Cargill contends that the appeal should be dismissed as moot. "[T]he doctrine of mootness is invoked where a change in circumstances prevents a court from rendering a decision that would effectively determine an actual controversy" (Matter of Dreikausen v Zoning Bd. of Appeals of City of Long Beach, 98 NY2d 165, 172 [2002]). Whether the controversy has become moot requires the consideration of various factors, including how far the construction work has progressed towards completion, whether the work was undertaken in bad faith or without authority and whether the substantially completed work cannot be readily undone without substantial hardship (see Matter of Citineighbors Coalition of Historic Carnegie Hill v New York City Landmarks Preserv. Commn., 2 NY3d 727, 728-729 [2004]). A chief consideration to be assessed is whether the challenger to the construction work "fail[ed] to seek preliminary injunctive relief or otherwise preserve the status quo to prevent construction from commencing or continuing during the pendency of the litigation" (id. at 729 [internal quotation marks and citation omitted]).
This Court has been advised that, during the pendency of the underlying proceeding and this appeal, the construction of the surface shaft has been completed to the point that it cannot be safely halted and that substantial construction costs have been incurred. Furthermore, there is no indication that petitioners promptly sought injunctive relief to maintain the status quo (see Matter of Kowalczyk v Town of Amsterdam Zoning Bd. of Appeals, 95 AD3d 1475, 1477-1478 [2012]; Matter of Save the Pine Bush v City Engr. of City of Albany, 220 AD2d 871, 872 [1995], lv denied 87 NY2d 807 [1996]; compare Matter of Micklas v Town of Halfmoon Planning Bd., 170 AD3d 1483, 1485 [2019]) or that Cargill proceeded with the construction in bad faith or without the authority to do so (see Matter of Mehta v Town of Montour Zoning Bd. of Appeals, 4 AD3d 657, 658 [2004]). Based on the foregoing, petitioners' appeal is moot (see Matter of Citineighbors Coalition of Historic Carnegie Hill v New York City Landmarks Preserv. Commn., 2 NY3d at 728-729; Matter of Kowalczyk v Town of Amsterdam Zoning Bd. of Appeals, 95 AD3d at 1478; Matter of Many v Village of Sharon Springs Bd. of Trustees, 234 AD2d 643, 644 [1996], lv denied 89 NY2d 811 [1997]; compare Matter of Mirabile v City of Saratoga Springs, 67 AD3d 1178, 1180 [2009]). Contrary to petitioners' argument, the exception to the mootness doctrine does not apply (see generally Matter of Hearst Corp. v Clyne, 50 NY2d 707, 714-715 [1980]). Finally, in view of our determination, petitioners' motion to take judicial notice of certain documents is denied as academic.
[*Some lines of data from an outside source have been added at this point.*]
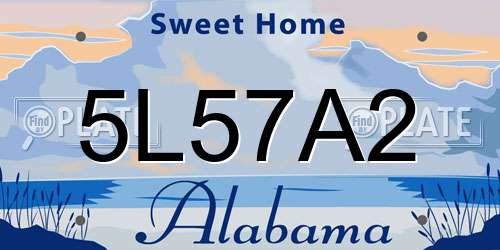 5L57A2 Alabama License Plate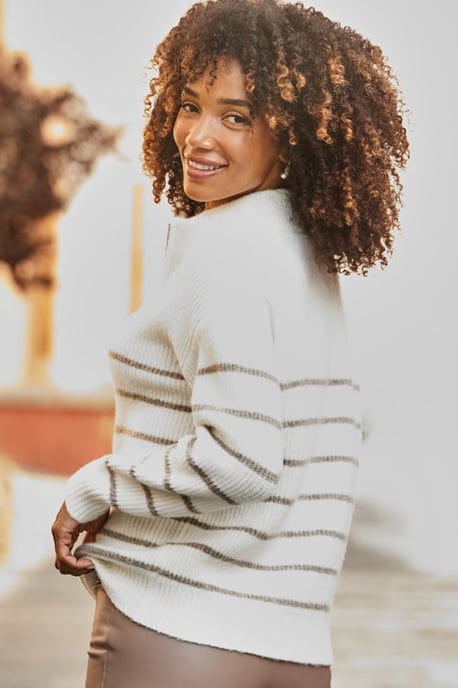 Ivory & Taupe Stripe Quarter Zip Jumper - Image 4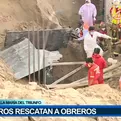 Villa María del Triunfo: Bomberos rescataron a tres obreros sepultados por cerro de arena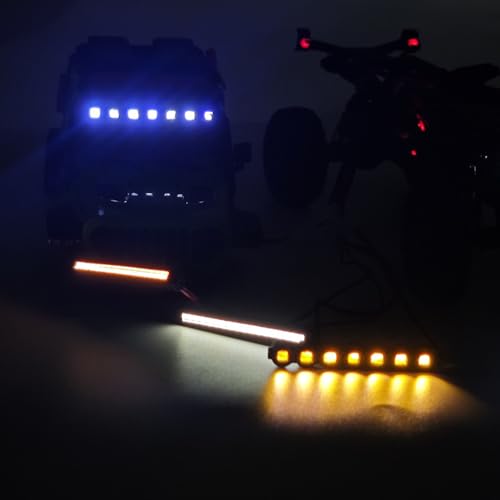 Plastic Roof Round Light LED Strip Lights Bar Bumper Spotlight for 1/30 RC Crawler Car SCX30 Jeep Wrangler Part (White Roof Light Bar)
Garry, P.J., Lynch, Clark and Reynolds Fitzgerald, JJ., concur.
ORDERED that the appeal is dismissed, as moot, without costs.
ORDERED that the motion is denied, as academic, without costs.
Footnote 1: To the extent that petitioners assert that Supreme Court erred in denying their motion to compel certain discovery, the October 2018 order is not reviewable in their appeal from the April 2019 judgment because such order does not necessarily affect the final judgment (see CPLR 5501 [a] [1]).
Footnote 2: Contrary to petitioners' assertion, DEC may raise this argument as an alternative ground for affirmance without having to cross-appeal from the April 2019 judgment (see Parochial Bus Sys. v Board of Educ. of City of N.Y., 60 NY2d 539, 545-546 [1983]; Matter of Save the Pine Bush v Zoning Bd. of Appeals of Town of Guilderland, 220 AD2d 90, 94 [1996], lv denied 88 NY2d 815 [1996]).